Este desastre del 98 impulso un movimiento,
conocido como Regeneracionismo, muy
crítico con la realidad española, que planteaba la necesidad de profundas
reformas para lograr la modernización económica, el avance de la educación y la
ciencia, la mejora del campo, etc. El más conocido representante político del
Regeneracionismo fue Joaquín Costa
que denuncio al caciquismo como uno de los males del país y pedía, bajo el lema
“escuela y despensa”, reformas económicas y sociales.
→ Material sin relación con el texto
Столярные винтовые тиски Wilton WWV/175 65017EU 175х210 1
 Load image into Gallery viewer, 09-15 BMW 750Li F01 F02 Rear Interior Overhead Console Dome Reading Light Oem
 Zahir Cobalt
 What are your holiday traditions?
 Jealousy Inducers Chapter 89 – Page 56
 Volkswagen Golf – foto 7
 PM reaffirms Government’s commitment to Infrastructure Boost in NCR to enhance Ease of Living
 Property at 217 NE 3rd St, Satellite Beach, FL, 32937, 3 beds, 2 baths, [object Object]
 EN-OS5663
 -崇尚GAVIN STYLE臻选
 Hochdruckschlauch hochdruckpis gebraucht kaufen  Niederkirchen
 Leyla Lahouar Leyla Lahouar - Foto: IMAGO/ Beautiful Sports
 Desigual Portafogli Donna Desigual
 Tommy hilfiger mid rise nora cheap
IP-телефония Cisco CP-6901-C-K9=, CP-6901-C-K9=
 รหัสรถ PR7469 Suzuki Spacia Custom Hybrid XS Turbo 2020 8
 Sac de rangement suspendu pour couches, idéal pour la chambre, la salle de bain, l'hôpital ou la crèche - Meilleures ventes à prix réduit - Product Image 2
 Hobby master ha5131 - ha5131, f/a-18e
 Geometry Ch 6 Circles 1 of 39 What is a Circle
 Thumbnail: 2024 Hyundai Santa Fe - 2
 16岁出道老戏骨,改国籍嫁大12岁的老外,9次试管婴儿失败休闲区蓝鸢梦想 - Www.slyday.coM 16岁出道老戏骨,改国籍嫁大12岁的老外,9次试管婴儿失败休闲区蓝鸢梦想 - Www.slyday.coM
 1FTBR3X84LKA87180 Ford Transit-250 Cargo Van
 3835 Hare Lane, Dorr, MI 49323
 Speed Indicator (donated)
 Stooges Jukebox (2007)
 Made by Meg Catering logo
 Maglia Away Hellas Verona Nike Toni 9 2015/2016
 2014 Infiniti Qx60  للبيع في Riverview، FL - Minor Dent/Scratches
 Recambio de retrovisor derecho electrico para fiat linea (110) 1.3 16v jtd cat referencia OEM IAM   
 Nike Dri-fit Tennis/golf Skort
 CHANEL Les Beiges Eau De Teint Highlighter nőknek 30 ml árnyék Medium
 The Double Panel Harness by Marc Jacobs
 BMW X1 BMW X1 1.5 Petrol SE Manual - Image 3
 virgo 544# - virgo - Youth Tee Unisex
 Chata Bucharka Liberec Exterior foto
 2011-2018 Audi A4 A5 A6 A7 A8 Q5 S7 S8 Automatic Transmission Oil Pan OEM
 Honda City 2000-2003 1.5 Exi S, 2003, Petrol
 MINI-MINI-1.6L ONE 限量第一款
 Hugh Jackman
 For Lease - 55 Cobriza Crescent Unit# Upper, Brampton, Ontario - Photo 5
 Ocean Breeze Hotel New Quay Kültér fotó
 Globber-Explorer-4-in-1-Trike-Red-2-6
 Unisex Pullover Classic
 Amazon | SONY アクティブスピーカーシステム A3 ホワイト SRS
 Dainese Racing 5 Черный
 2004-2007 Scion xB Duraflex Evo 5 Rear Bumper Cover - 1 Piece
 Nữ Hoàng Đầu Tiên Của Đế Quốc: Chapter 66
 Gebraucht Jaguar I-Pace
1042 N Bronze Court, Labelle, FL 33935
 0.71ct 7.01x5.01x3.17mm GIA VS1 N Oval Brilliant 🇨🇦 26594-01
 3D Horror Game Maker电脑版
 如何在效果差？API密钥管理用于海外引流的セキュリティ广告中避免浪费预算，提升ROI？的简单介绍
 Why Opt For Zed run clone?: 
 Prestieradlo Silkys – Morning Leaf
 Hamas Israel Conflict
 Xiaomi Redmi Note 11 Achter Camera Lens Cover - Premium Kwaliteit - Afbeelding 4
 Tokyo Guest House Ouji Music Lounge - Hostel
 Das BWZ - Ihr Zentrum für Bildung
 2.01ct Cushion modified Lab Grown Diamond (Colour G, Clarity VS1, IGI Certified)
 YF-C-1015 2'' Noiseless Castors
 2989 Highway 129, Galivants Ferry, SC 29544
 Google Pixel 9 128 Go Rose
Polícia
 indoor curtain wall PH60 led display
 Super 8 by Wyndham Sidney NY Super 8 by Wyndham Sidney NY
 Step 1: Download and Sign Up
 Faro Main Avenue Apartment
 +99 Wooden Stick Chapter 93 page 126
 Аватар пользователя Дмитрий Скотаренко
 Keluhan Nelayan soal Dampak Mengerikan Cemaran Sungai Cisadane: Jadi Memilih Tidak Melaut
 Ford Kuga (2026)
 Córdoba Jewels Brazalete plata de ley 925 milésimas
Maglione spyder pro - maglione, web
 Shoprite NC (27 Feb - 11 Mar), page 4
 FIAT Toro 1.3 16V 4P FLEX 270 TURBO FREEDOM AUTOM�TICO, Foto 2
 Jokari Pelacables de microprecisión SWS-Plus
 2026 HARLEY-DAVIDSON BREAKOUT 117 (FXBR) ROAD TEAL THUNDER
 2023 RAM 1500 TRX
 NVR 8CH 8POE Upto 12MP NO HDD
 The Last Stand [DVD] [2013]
El Desastre propicio el desgaste progresivo de los partidos
dinásticos o del turno (conservadores y liberales) y alentó el crecimiento
de los nacionalismos cada vez menos identificados con la idea de España, así
como el movimiento obrero y del republicanismo y propicio la formación de la Generación del 98 (Unamuno, Baroja,
Azorín…), un grupo de pensadores y literatos pesimistas respecto a nuestra
historia y partidarios de una gran regeneración moral del país.
La gran crisis
del 1898 acabo con el sistema de la
Restauración que había diseñado Cánovas y obligo a los futuros gobiernos a
seguir una política de reformas que no fue lo suficientemente profunda para
cambiar las cosas y resolver los cada vez más complicados problemas del país.